Он на минуту смолк, и в его взгляде вспыхнула искра презрения, но он взял себя в руки и продолжал, словно моя стрела не задела его:
— Мы вправе ожидать красоты от объекта желания, а не от того, кто желает. Мне нет дела до красоты тех, о ком я говорю. Если я обращаю внимание на их внешний вид, то чтобы показать, что они здоровы и мужественны, вот, что для меня важно. Но я не утверждаю, что таковы все уранисты; среди гомо-, как и среди гетеросексуалистов, есть свои вырожденцы, уроды и больные. Как врач я вслед за многими моими коллегами сталкивался с целым рядом тяжелых, жалких или трудных случаев. Я не стану утруждать читателя рассказом о них. Повторяю, моя книга будет посвящена здоровому уранизму, или, как вы только что выразились, нормальной педерастии.
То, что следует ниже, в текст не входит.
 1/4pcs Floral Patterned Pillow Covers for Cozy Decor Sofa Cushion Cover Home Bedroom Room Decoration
— Разве вы не заметили, что я употребил это выражение в насмешку? Для вас было бы большой удачей, если бы я начал употреблять его всерьез.
— Я не жду от вас любезности. Я предпочитаю принудить вас к пониманию истины.
— Теперь шутите вы.
— Я не шучу. Держу пари, что менее чем через двадцать лет слова «противоестественный», «противоприродный» и т.д. больше не будут восприниматься
всерьез. Я считаю, что в мире есть только одна вещь, которую можно назвать неестественной: это произведение искусства. Все остальное волей-неволей остается в
пределах естества и должно быть рассмотрено с точки зрения не моралиста, а натуралиста.
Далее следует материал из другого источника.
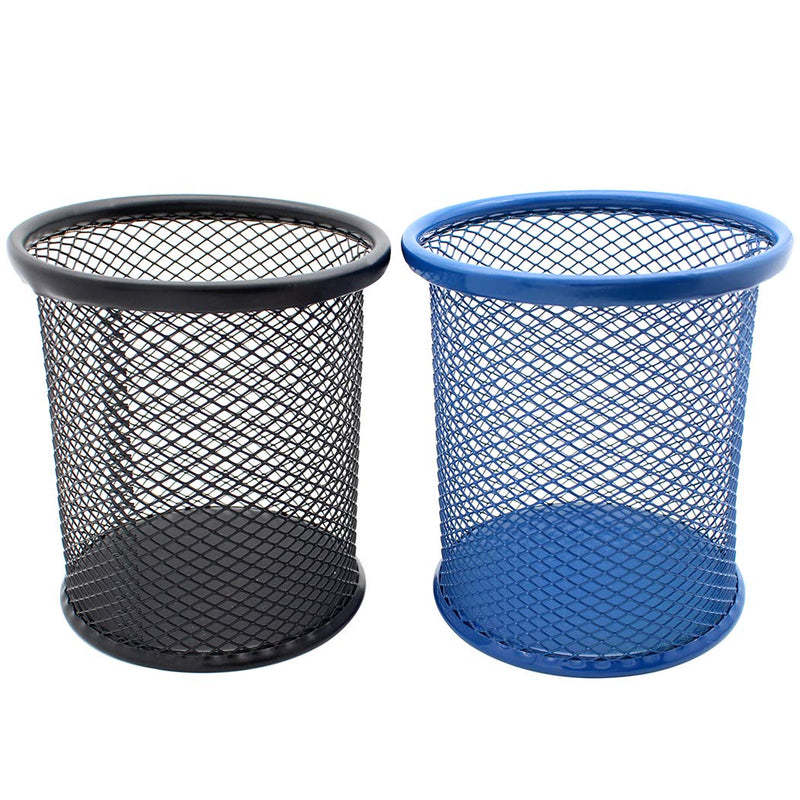  [AUSTRALIA] - Gullor Desktop Pencil Holder, Office Supplies Desk Organizer Makeup Brush Holder, Set of 2, Black and Blue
— Слова, которые вы осуждаете, все же укрепляют
наши добрые нравы. Где мы окажемся, если вы отвергнете эти понятия?
— Мы не станем более безнравственными, и я бы даже сказал, если бы посмел: наоборот!.. Вы нас здорово дурачите, господа гетеросексуалисты! Послушать вас, так только отношения разных полов законны, по крайней мере, «нормальны».
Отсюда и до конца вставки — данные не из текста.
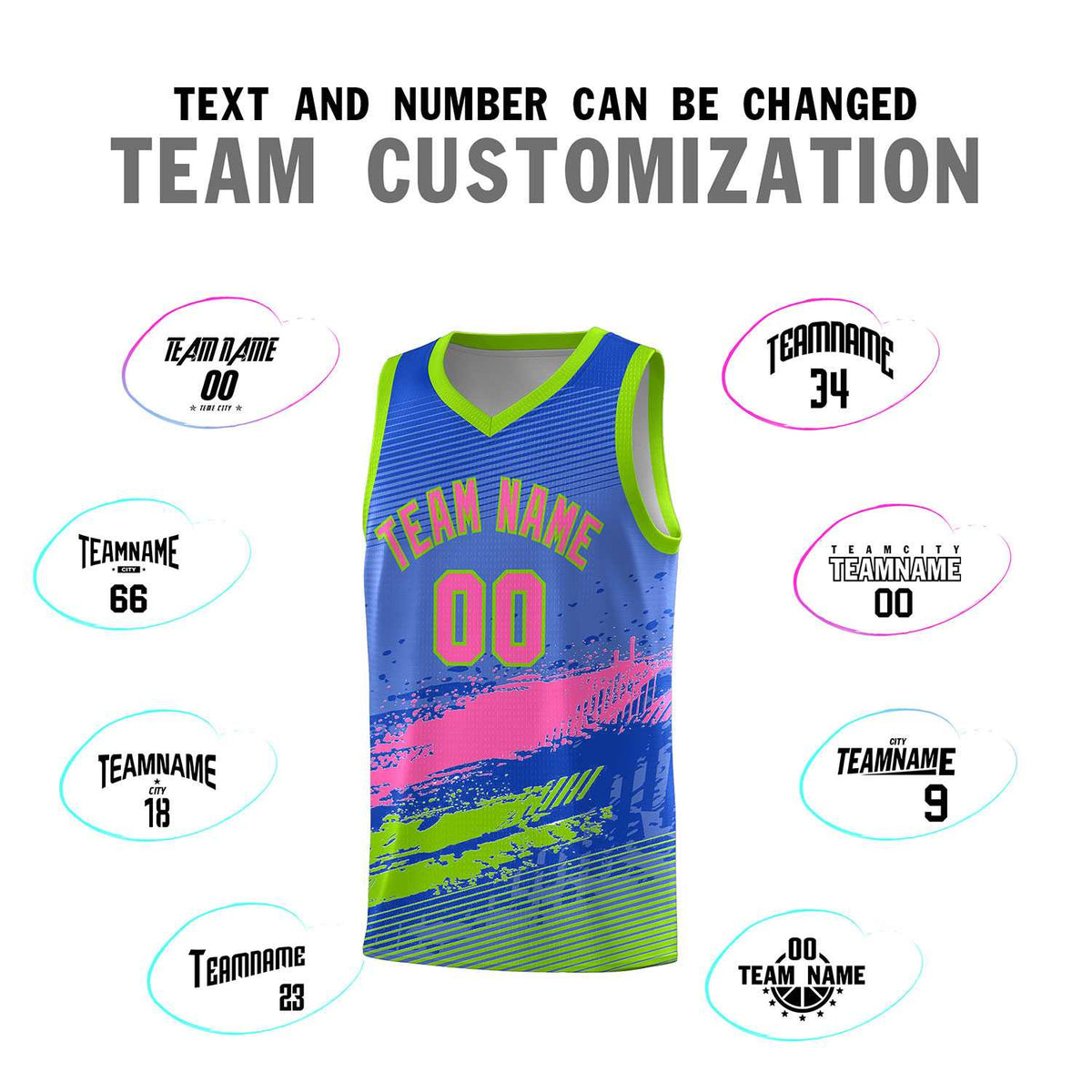 Custom Royal Pink and Neon Green Graffiti Pattern Sports Uniform Basketball Jersey|KXKSHOP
— Достаточно того, что эти отношения могут быть нормальными. Тогда как все гомосексуалисты — люди развращенные.
— Вы полагаете, что им неизвестны самоотречение, самообладание, целомудрие?
— К счастью, их порой понуждают к этому законы и опасение потерять уважение окружающих.
— А для вас счастье, что законы и нравы понуждают вас к этому так мало.
— Да послушайте же! Есть же, наконец, брак, честный брак, то, чего нет у вас. Разговаривая с вами, я чувствую, что уподобляюсь тем моралистам, которые видят в плотских утехах вне супружества грех и осуждают все отношения, за исключением законных.
— О! Здесь я готов их поддержать и, раз вы меня к этому побуждаете, быть еще непримиримее, чем они.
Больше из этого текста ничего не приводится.